Del mismo modo, la naturaleza del genio ha sido esclarecida por los intentos, de los que ya hice mención, de clasificarlo junto con los fenómenos psicopáticos. La locura fronteriza, la excentricidad, el temperamento insano, la pérdida del equilibrio mental, la degeneración psicopática (por usar algunos de los muchos sinónimos con los que se la ha llamado), posee ciertas peculiaridades y propensiones que, cuando se combinan con una cualidad superior de intelecto en un individuo, hacen más probable que este deje su impronta y afecte a su época, que si su temperamento fuera menos neurótico.

No existe por supuesto ninguna afinidad especial entre la excentricidad como tal y el intelecto superior, pues la mayoría de los psicópatas tienen intelectos débiles, y los intelectos superiores más comúnmente poseen sistemas nerviosos normales.
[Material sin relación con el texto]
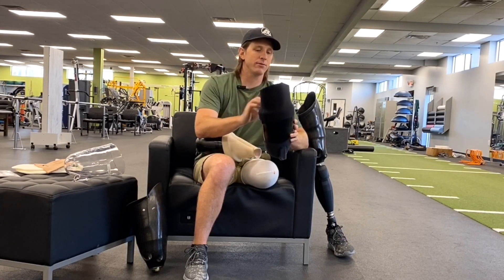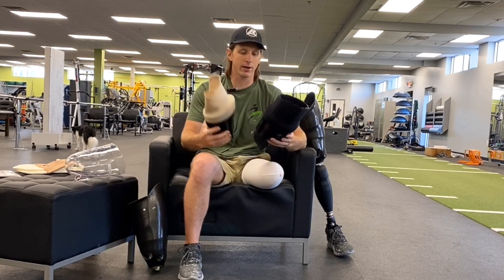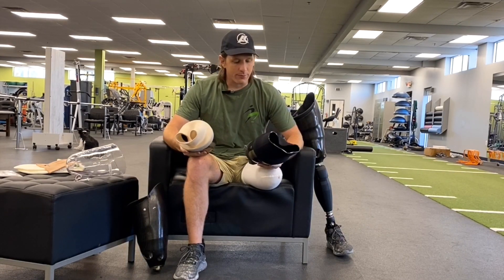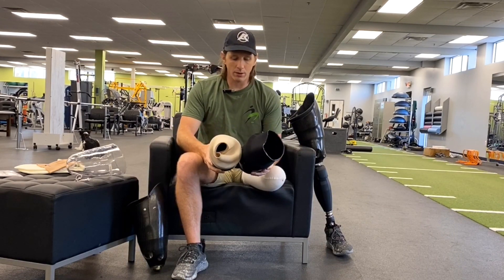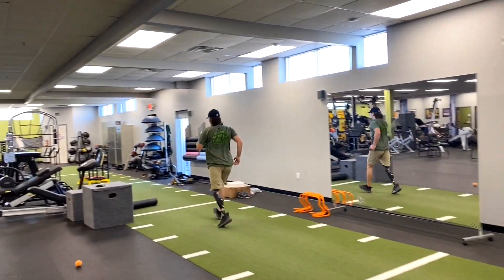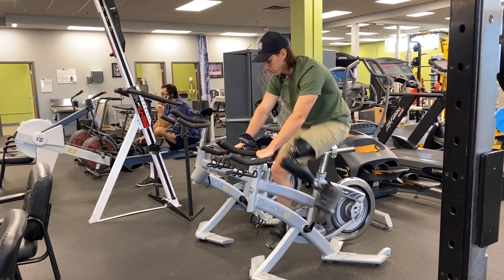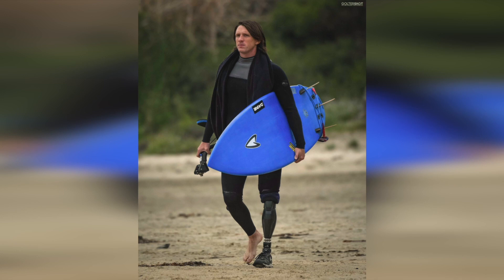I can't feel the upper trim line as much with the flexible inner, as the top trim line can kind of flare out while wearing it. I've been in the double wall for about five years now and I'm really happy with it. There's nothing this socket can't do — from walking to running to surfing, any activity. As an amputee, it allows me to live life to the fullest, and there's nothing more I could ask for.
Pero el temperamento psicopático, sea cual fuere el intelecto con el que se encuentre emparejado, a menudo trae consigo ardor y excitabilidad de carácter. La persona excéntrica tiene una susceptibilidad emocional extraordinaria. Es propensa a las ideas fijas y a las obsesiones. Sus concepciones tienden a pasar inmediatamente a la creencia y a la acción; y cuando le asalta una nueva idea, no halla reposo hasta proclamarla, o de algún modo «darle salida».

«¿Qué debo pensar de esto?», se dice a sí mismo una persona común ante una cuestión debatida, pero en una mente «excéntrica» la forma que la pregunta tiende a adoptar es: «¿Qué debo hacer al respecto?».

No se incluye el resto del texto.